Dear Miss Manners:
We have a couple of very vocal families of atheists in our neighborhood. I recognize that their personal beliefs are none of my business, and that freedom of religion means freedom to choose non-belief as well. I respect their right to live as they see fit, to refuse donations to charities whose mission they do not support, and so forth.
The problem that I do have is in their response to people of any faith. In our small city, religious organizations frequently host fundraisers in support of their charitable and educational endeavors. These events include dinners, carnivals and so forth, and church members can regularly be found handing out fliers in public areas of the city.
Not content to say, “No, thank you” and move on, my well-educated adult neighbors choose to express outrage at being approached and to mock and insult the intelligence and the beliefs of the volunteers.
I see similar behavior from staunch members of either political party in our town, with people who have a differing point of view being treated like idiots and publicly embarrassed. I find the attitude that freedom of speech and of thought belongs only to those who say and believe the “right” things to be terrifying.
Is there a polite way to intervene and protect the dignity of someone who is simply trying to do what they believe is right, and that they have the legal right to do?
If only. Righteousness and rudeness are a popular combination these days, which is odd because there is nothing right about rudeness.
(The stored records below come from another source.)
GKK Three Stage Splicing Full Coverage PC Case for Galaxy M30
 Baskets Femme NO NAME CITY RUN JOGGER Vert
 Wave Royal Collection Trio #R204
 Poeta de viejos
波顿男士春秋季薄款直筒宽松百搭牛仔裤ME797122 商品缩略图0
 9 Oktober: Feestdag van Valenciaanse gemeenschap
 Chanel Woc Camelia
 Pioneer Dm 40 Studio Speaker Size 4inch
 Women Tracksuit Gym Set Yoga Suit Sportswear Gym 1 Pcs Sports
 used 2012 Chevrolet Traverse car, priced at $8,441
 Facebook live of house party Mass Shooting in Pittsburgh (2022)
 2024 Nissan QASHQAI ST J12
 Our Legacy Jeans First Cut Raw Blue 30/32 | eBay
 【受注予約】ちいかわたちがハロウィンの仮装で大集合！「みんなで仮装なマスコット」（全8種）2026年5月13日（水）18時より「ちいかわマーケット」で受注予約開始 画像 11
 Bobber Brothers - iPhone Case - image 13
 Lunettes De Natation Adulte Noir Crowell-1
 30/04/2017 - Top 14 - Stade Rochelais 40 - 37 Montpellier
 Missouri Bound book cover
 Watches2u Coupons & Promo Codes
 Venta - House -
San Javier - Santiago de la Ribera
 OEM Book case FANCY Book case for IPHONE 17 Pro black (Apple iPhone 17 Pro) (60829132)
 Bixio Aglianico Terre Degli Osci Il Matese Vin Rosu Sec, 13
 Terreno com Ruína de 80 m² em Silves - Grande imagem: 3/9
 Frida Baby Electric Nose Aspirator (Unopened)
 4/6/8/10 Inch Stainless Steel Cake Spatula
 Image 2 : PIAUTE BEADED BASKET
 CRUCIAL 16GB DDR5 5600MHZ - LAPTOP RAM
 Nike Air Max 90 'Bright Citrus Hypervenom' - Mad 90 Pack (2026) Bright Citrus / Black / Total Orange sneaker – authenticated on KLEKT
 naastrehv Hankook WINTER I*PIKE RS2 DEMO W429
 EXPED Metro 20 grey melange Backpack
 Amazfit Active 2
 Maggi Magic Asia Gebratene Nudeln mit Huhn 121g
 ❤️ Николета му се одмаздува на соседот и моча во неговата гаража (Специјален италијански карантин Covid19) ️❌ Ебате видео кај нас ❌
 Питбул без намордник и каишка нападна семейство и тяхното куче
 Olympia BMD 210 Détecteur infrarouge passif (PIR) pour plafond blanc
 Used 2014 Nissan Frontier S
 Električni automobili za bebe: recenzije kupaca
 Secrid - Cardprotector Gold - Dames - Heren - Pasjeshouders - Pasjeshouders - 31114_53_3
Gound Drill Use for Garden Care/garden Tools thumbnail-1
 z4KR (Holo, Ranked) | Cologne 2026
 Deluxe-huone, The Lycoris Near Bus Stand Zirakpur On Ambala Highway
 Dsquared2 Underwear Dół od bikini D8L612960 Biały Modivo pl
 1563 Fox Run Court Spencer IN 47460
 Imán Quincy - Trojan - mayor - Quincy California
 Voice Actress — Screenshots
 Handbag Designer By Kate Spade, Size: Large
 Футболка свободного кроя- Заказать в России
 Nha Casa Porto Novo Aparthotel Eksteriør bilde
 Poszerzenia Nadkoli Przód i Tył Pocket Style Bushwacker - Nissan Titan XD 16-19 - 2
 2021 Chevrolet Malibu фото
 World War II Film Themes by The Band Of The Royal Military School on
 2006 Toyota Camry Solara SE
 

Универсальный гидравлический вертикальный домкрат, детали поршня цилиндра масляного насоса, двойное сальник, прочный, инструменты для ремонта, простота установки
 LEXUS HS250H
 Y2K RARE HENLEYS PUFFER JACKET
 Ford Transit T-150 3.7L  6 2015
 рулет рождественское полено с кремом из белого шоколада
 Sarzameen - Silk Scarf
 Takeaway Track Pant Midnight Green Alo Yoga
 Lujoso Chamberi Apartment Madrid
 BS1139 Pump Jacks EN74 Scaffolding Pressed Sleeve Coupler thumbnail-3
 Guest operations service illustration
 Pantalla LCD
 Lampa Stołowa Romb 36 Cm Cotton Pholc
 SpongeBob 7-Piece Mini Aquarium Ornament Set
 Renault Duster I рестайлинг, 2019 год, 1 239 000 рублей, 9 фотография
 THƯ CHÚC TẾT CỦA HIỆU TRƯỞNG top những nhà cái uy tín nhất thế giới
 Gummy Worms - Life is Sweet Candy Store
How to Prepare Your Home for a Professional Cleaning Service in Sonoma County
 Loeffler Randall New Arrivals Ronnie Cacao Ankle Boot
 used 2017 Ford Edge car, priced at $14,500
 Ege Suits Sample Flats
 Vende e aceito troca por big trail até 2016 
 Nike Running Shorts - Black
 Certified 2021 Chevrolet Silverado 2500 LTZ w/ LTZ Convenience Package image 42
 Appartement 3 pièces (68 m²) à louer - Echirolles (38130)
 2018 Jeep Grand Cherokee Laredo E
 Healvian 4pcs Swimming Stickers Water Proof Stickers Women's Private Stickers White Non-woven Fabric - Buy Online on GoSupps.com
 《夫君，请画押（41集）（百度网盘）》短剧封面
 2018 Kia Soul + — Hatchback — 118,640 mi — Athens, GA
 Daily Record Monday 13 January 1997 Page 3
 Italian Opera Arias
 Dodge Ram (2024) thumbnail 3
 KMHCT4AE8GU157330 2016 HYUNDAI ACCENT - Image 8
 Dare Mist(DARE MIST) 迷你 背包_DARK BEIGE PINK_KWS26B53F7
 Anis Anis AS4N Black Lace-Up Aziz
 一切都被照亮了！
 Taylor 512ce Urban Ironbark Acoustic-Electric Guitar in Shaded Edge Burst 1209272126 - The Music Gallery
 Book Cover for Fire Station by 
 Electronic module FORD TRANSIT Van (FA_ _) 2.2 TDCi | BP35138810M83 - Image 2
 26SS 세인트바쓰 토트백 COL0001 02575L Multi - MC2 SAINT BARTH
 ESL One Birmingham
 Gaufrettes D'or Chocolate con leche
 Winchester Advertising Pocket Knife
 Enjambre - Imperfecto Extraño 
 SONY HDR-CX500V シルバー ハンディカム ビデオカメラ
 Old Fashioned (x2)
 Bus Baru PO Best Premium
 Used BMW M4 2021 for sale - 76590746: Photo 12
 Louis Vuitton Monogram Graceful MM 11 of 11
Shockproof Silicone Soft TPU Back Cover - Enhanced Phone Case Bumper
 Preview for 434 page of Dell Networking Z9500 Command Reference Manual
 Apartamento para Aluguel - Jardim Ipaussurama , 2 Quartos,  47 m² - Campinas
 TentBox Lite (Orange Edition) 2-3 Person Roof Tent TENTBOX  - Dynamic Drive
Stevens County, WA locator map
Whatever the cause, rudeness puts its advocates in the wrong. It also damages any cause. Miss Manners doubts that your neighbors want to plant the idea that lack of respect for other human beings is a tenet — or an inevitable result — of atheism. But that is what they are doing.
Still, it would be rude of you to chastise them. What you can do in defense of those they embarrass is to say, “I believe that their religion would require them to respect you and allow you to express your beliefs.”
Dear Miss Manners:
At a bridal shower, the two women on my right asked my opinion about placing the gift giver’s address on the back of the bridal shower card. They felt it was unnecessary and that thank-yous are not necessary.
I was surprised. As a former family and consumer sciences instructor, my junior high classes practiced writing appropriate thank-yous.
Am I out of touch? Are thank-yous unnecessary?
Are presents necessary? For that matter, are bridal showers necessary?
No, they aren’t. But most people like to receive presents, and those who give like to feel that they are appreciated. Cut off the graciousness on one side of this equation, and the other side will go, too. Miss Manners hears from many who have given generous shower presents, only to decide not to give wedding presents to ungrateful brides.